Nel suo libro lei sceglie due
poeti con una visione del reale estremamente prossima: sappiamo
che Fabio Pusterla, più giovane, ha tradotto lungamente
le opere di Philippe Jaccottet. Lei crede che l'attività
di traduttore di Pusterla lo abbia influenzato nelle scelte
poetiche; ha trovato tracce di una filiazione diretta, in
questo senso, nell'opera dei due poeti?
Assolutamente sì. Ma penso
che la lezione di Jaccottet (lezione legata da un lato alla
pratica dell'effacement, dall'altro alla coincidenza fra
vita e scrittura) sia stata accolta da Pusterla perché
predisposto all'ascolto di questa particolare lezione. Il
libro che risente maggiormente di questo tirocinio è
ovviamente "Le cose senza storia", concomitante
all'incontro e alla traduzione di alcune raccolte di Jaccottet.

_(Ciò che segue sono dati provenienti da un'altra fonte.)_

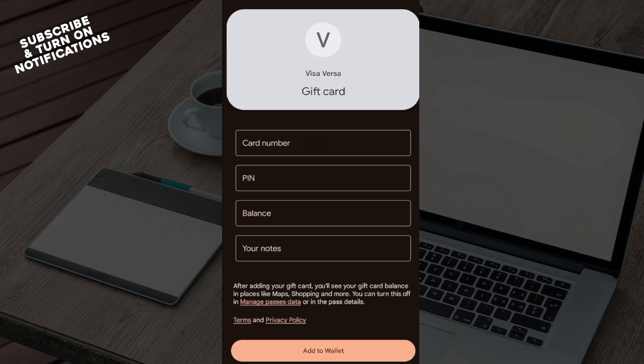Then you'll be directed to the next page where you'll be actually entering the card number, the pin, the balance, and your notes. Click on Add to Wallet and that's where the Visa gift card will be added to your Google Pay account.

D'altronde il titolo è già una sorta di riconoscimento
di questo tirocinio: l'idea di aderire alle cose nella loro
essenza, al di là della storia, della memoria o del
possibile uso e possesso è una enunciazione di senso
che il primo Pusterla non si sarebbe sognato di affermare
e che segna un passaggio evolutivo nella sua poetica.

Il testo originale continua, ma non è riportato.